Once the line with "Klauke - 1630c3" is found in the data, output it and each following line exactly, up to and including the line with "2015 World Artistic", and nothing before or after.

#### SUPPLIED RECORDS
[Start of Attachment]

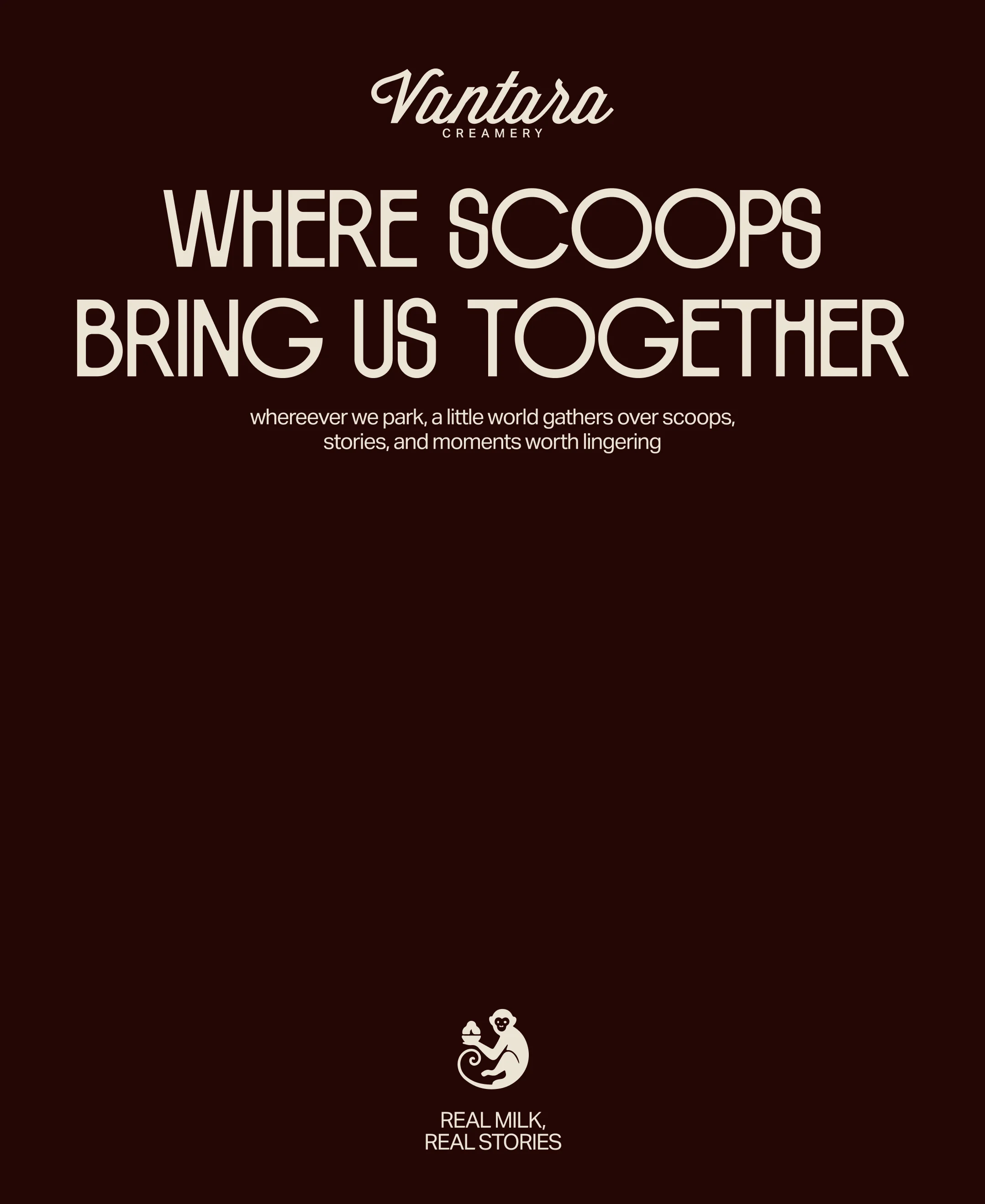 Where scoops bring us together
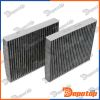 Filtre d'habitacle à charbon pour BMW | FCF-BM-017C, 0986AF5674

[End of Attachment]
[Start of Attachment]

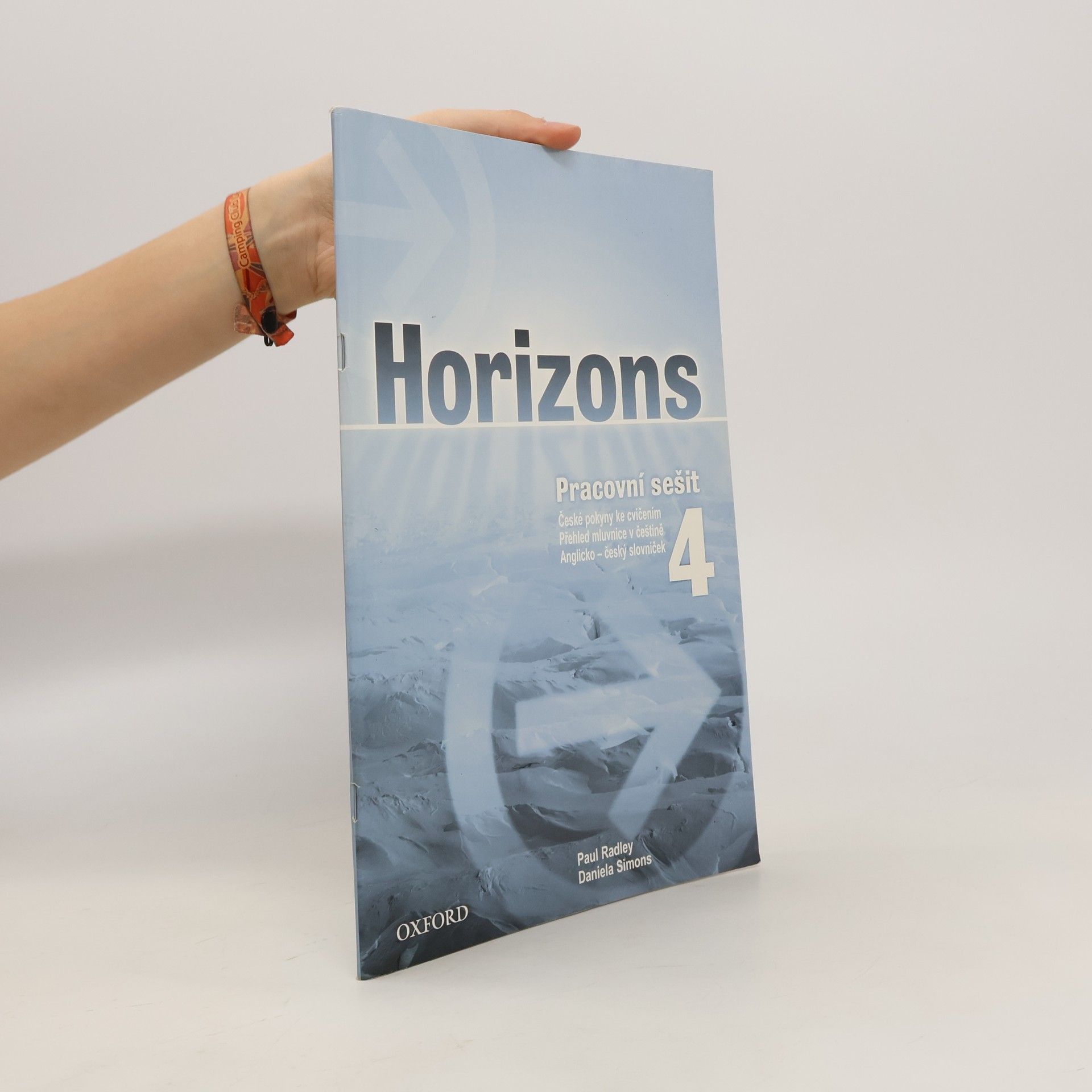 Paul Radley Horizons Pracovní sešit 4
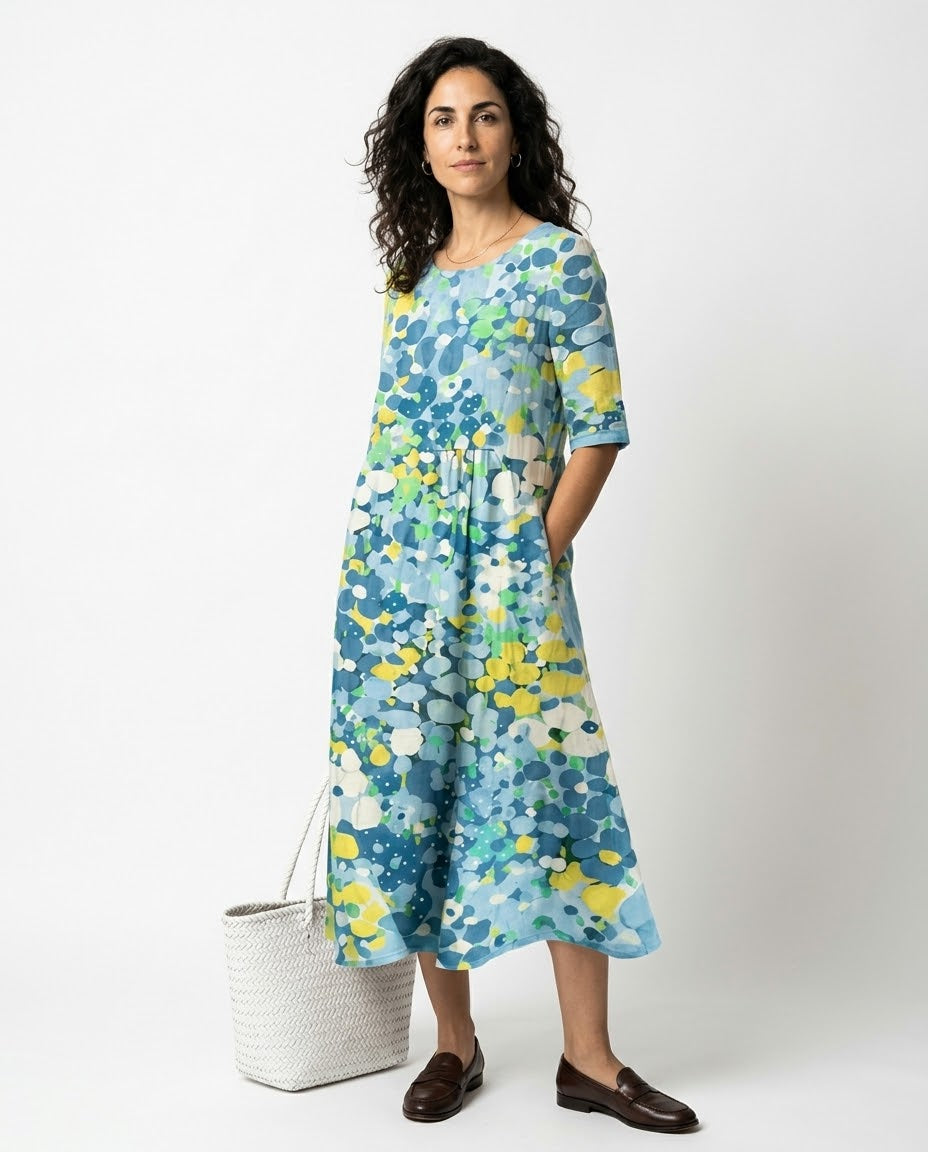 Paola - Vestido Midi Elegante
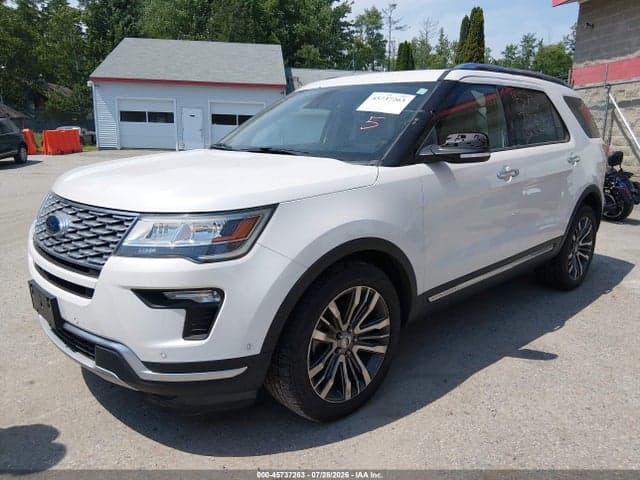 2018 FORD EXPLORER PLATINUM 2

[End of Attachment]
[Start of Attachment]

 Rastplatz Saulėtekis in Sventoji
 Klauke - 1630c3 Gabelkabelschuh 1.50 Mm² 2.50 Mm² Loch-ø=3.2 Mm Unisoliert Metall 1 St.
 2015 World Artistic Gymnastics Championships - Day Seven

[End of Attachment]

#### SOLUTION FOR THIS PROBLEM
 Klauke - 1630c3 Gabelkabelschuh 1.50 Mm² 2.50 Mm² Loch-ø=3.2 Mm Unisoliert Metall 1 St.
 2015 World Artistic Gymnastics Championships - Day Seven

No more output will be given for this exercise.